▶ **The task**: Reproduce this listing in full.

▶ **Collected material**:
:::::

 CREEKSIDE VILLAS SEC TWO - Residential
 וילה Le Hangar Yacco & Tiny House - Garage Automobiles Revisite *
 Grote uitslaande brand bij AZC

:::::

▶ **Problem solution**:
 CREEKSIDE VILLAS SEC TWO - Residential
 וילה Le Hangar Yacco & Tiny House - Garage Automobiles Revisite *
 Grote uitslaande brand bij AZC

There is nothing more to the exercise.